Amazon finally understand

Amazon finally understand mysql problem with Elastic Block Store.
I delicied a bookmark on a technical article on "Running MySQL on Amazon EC2 with Elastic Block Store"

The url is here : http://developer.amazonwebservices.com/connect/entry.jspa?externalID=166...

Someone can test it ?

Nice - thanks once again for

Nice - thanks once again for the detail! I'm curious if you've tried any of the existing offerings out there to provide persistent storage. I noticed that PersistentFS and ElasticDrive have free trials, and ED has a 5GB free drive.

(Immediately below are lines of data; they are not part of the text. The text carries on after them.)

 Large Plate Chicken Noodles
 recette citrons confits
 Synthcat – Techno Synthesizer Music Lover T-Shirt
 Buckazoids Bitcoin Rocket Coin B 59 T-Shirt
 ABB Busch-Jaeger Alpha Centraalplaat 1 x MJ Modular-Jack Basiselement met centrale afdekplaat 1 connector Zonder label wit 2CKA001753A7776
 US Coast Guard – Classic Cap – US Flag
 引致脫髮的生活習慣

I'm guessing it is only a matter of time before either Amazon comprehensively addresses this sucker, or we have a FUSE or something that can address this issue easily.

Keep the posts coming!

Cheers.

This benchmark could use a

This benchmark could use a comparison against a small dedicated server implementation. My own experience was that a single user on an ec2 environment would take 5 to 10 times longer to get a response than on a dedicated environment. This is fine if your dedicated response times for a single user are on the order of .01 seconds. If your application is heavy on large datasets, and your single user response times are something on the order of one or two seconds in a dedicated environment, then this would put ec2 response times around 10 to 20 seconds which was the experience. Scaling can maintain the 10 to 20 seconds each for many users, but it sure can't improve it.

thanks for your comments. it

thanks for your comments. it sounds like you got quite different results from me. how did you run your benchmarks?

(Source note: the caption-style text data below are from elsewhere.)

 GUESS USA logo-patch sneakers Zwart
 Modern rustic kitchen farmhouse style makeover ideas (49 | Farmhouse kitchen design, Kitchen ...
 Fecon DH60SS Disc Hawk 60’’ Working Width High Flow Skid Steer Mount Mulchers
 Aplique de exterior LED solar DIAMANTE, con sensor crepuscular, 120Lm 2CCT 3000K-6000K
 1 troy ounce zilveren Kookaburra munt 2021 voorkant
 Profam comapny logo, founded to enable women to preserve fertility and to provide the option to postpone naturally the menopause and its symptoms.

in these tests, xlarge amazon instances were producing response times of 0.02s giving a throughput of 12,500 pages/min using 10 threads to generate requests.

the slowest response times that i saw were 1.5s for logged in users on the small instance at a throughput of around 200 pages/min

the anecdotal performance of the drupal site when accessed using my dsl line was very good, even while the benchmarks were running.

regarding your "small dedicated servers" question. when i tested non-virtual servers similar to the power of the small amazon instance, they produced results very similar to the small amazon instance.

john, could you post your

john, could you post your jmeter file so we all do the same test?

Thanks

matias, certainly.

matias, certainly. unfortunately I won't have access to the system that they are on until next week. i'll post them in the next week or so.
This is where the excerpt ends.